## What you should do
Make an exact copy, from the records below, of the lines from the line containing "New 2025 Ford F250 4x4 Crew Cab Super Duty" to the line containing "Linda Apart Lejlighedshotel 3*", both lines included, excluding pictures.

## Material shown
________________

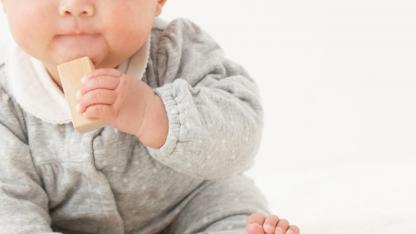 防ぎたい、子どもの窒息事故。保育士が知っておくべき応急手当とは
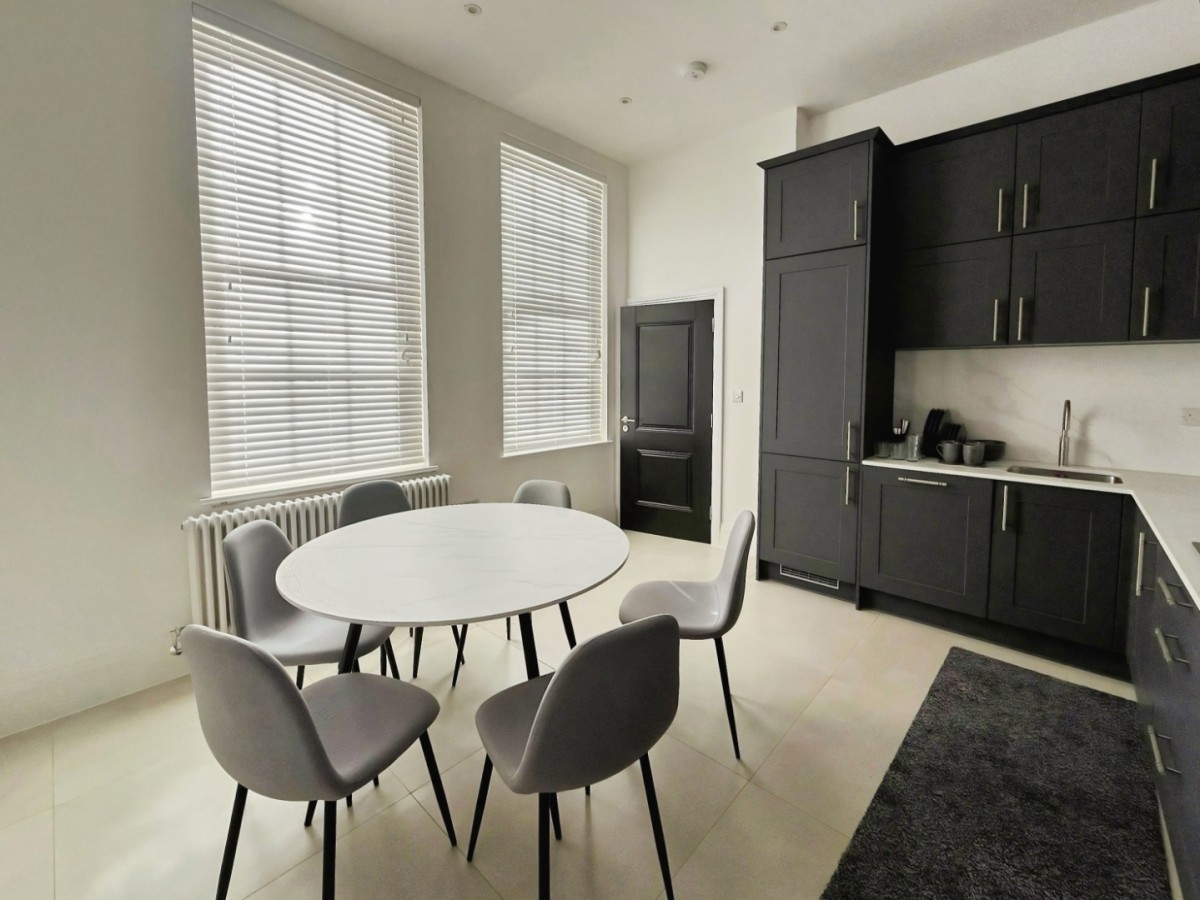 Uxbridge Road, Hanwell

________________

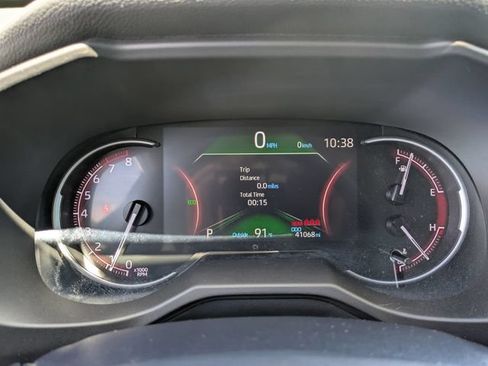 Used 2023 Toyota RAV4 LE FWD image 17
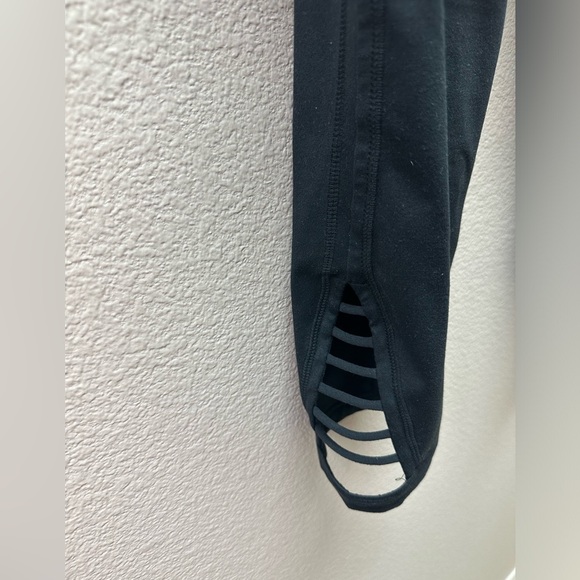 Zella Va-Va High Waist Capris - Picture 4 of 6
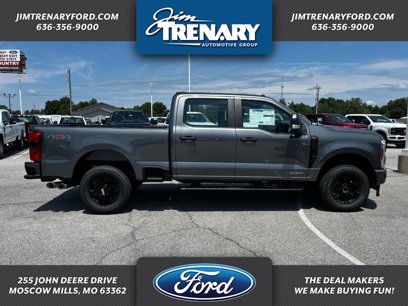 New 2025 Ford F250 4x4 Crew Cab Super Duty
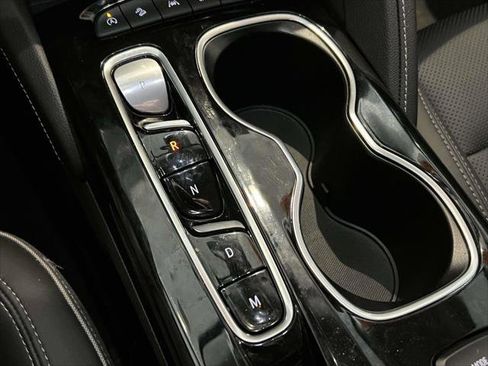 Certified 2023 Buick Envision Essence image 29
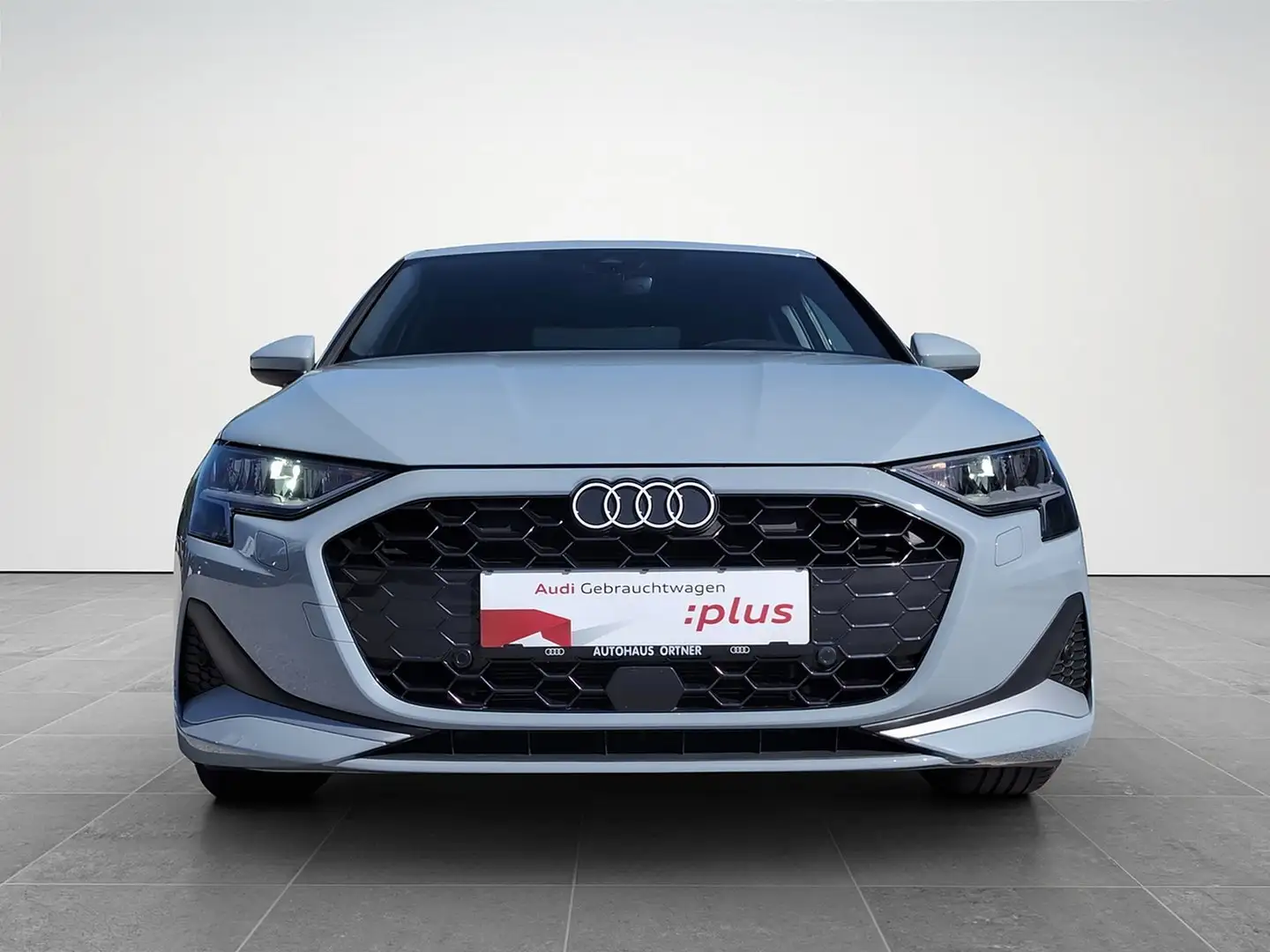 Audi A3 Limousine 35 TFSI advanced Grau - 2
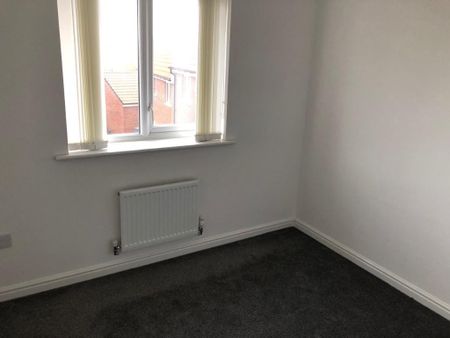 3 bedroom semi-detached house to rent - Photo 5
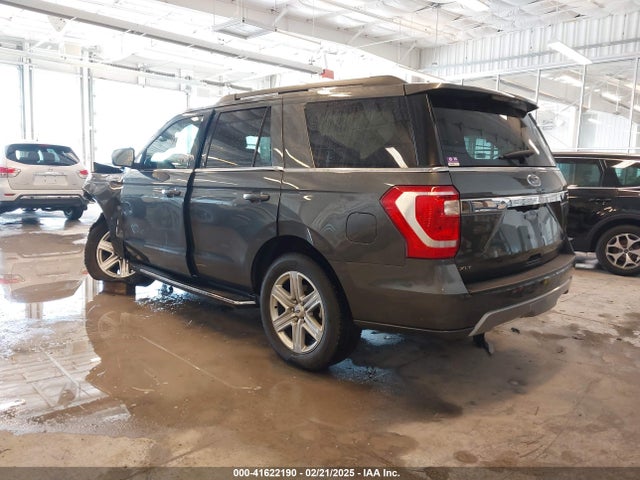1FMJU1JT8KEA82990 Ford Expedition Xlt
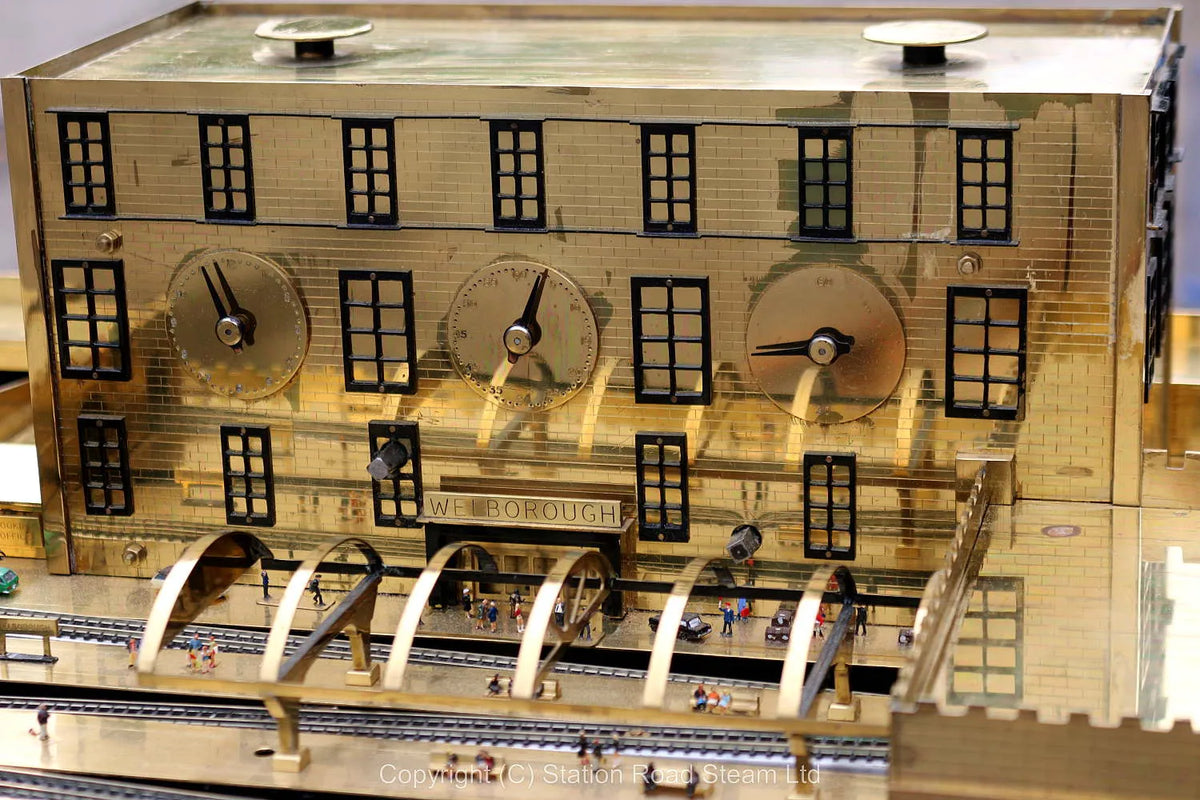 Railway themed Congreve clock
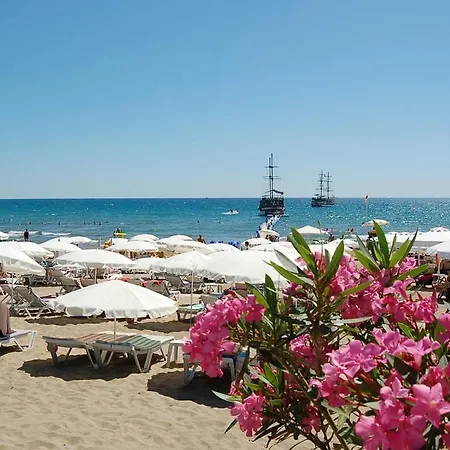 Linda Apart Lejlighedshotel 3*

________________

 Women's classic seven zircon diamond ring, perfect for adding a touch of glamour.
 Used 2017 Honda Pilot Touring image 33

________________

## Output for this task
 New 2025 Ford F250 4x4 Crew Cab Super Duty
 Certified 2023 Buick Envision Essence image 29
 Audi A3 Limousine 35 TFSI advanced Grau - 2
 3 bedroom semi-detached house to rent - Photo 5
1FMJU1JT8KEA82990 Ford Expedition Xlt
 Railway themed Congreve clock
 Linda Apart Lejlighedshotel 3*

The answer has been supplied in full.